Multiple outlets have reported that Apple, in the next version of its iPhone and iPad software, will allow the technology in its browser. Blocking ads makes pages download faster and crash less. Once users try it, they can’t imagine ever going back. With about 500 million iPhones in hands around the world, if even a small chunk of those users fall in love with ad blocking, that’s a significant problem for advertisers and news outlets (to say nothing of Google).

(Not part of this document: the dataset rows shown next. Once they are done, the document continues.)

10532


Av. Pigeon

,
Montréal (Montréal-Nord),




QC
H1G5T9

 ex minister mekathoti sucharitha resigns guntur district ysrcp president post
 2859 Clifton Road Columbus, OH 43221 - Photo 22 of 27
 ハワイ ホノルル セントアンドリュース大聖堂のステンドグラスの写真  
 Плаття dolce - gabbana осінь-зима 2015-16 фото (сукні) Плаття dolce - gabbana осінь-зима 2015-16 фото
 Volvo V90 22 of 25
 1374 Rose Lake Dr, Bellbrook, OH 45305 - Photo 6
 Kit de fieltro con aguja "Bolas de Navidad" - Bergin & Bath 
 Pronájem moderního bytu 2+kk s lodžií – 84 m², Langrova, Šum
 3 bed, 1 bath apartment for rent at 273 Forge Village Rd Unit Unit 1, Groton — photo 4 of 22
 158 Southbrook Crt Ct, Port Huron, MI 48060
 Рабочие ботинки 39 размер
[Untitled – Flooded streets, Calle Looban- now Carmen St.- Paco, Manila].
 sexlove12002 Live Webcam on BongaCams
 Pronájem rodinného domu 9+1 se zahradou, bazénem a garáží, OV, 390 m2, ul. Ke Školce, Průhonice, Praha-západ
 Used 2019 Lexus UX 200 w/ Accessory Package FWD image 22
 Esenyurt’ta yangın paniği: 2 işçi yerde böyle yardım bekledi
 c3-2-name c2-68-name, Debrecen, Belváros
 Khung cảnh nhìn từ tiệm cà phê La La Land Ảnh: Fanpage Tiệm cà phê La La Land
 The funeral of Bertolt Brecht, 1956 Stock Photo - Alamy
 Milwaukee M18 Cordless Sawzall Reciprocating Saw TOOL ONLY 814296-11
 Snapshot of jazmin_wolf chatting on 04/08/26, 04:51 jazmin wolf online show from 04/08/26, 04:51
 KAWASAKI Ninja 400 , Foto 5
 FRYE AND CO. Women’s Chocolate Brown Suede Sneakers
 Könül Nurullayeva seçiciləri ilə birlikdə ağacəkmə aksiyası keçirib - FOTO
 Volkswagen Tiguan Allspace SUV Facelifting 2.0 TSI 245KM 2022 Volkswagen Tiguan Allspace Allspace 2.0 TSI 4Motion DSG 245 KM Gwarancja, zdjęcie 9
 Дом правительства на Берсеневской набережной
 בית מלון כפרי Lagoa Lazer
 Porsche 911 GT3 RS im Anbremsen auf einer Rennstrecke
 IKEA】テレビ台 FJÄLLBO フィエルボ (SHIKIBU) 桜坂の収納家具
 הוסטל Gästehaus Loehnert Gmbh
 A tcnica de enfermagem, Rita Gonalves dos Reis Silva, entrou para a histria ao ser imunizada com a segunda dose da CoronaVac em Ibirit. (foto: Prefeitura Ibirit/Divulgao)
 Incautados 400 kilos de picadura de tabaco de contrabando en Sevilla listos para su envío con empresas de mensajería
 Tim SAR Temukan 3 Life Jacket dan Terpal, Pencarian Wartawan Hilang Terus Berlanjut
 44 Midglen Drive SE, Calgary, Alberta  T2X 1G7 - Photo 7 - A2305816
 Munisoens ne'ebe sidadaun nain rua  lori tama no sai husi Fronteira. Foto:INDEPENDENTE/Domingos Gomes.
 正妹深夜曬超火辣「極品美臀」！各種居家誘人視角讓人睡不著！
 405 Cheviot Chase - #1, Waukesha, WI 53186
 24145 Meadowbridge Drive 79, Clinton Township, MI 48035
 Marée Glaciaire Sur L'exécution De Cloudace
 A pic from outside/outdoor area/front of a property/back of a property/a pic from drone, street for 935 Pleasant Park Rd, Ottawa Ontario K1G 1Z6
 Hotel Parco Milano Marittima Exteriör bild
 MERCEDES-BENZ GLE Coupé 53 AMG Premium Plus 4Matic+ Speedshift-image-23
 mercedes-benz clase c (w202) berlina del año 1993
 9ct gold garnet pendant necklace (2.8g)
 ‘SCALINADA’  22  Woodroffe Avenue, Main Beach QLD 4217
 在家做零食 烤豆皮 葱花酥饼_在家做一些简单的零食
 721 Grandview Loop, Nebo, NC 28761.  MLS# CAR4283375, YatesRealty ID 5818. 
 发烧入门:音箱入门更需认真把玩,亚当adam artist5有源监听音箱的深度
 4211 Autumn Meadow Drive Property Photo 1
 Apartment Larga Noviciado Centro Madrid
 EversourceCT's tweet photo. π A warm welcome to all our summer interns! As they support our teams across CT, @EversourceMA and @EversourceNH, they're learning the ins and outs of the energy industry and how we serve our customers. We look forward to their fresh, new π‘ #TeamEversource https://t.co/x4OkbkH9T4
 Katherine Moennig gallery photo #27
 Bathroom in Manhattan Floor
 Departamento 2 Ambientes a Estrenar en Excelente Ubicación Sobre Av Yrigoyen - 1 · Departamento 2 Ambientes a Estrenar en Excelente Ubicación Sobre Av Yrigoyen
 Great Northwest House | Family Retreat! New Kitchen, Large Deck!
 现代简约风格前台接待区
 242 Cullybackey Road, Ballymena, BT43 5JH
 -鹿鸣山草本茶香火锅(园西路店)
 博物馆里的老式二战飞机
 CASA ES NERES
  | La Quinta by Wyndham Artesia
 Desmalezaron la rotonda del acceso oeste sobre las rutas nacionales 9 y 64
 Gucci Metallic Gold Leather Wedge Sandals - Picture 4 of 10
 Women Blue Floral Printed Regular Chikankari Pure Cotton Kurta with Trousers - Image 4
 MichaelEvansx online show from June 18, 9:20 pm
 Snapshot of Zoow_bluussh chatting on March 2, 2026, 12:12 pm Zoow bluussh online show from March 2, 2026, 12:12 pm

None of this concern is new, and there are counterarguments, as reflected in this 2007 article on the Adblocker website:

Now what happens if people start to block ads? First of all, everybody who hates ads and wouldn’t click them anyway now blocks ads. And this can make advertisers really happy because instead of wasting their bandwidth (and money) they now only serve ads to people who are interested in them. They also get better statistics and can see which ads people find more interesting — without having to estimate the number of people who wouldn’t click any ad.

That’s nice in theory. But in reality, WE get paid based on views (and to a much lesser extent, clicks). So theory is one thing, reality is something else.

This all will cause a war between reader adblocking software and website anti-adblocking software (there are such things.)

When we addressed this problem in 2013, readers made the following suggestsions; not being an adblocker user myself, I don’t know if they still are feasible:

  • “Fellow readers, please disable your ad blocker for the sites you enjoy and frequent.”
  • “You know what? I had completely forgotten that I had installed an ad blocking program. I did it a long time ago, because when I’m doing searches, the ads became so intrusive that it was almost impossible to find the information I was looking for.

    It’s easy enough to fix… I click on the icon on the toolbar, and click on “Disable on LegalInsurrection.com”.

    Done.”

So anybody have any brilliant ideas?

[“Suck it up” is not a brilliant idea.]

UPDATE 8-13-2015 Noon:

Reader comments have been very eye-opening for me. While we cannot abandon the advertising we have, there may be a way to give readers who want to support Legal Insurrection, but don’t want to see ads, a way to do so. It would be a model that allows people to stay with the current system (including their adblock software, if that’s how they want to go), but also allows people for a small monthly fee to access the site without seeing ads. It would be purely voluntary, not a paywall. More on that, hopefully, in the next month or so.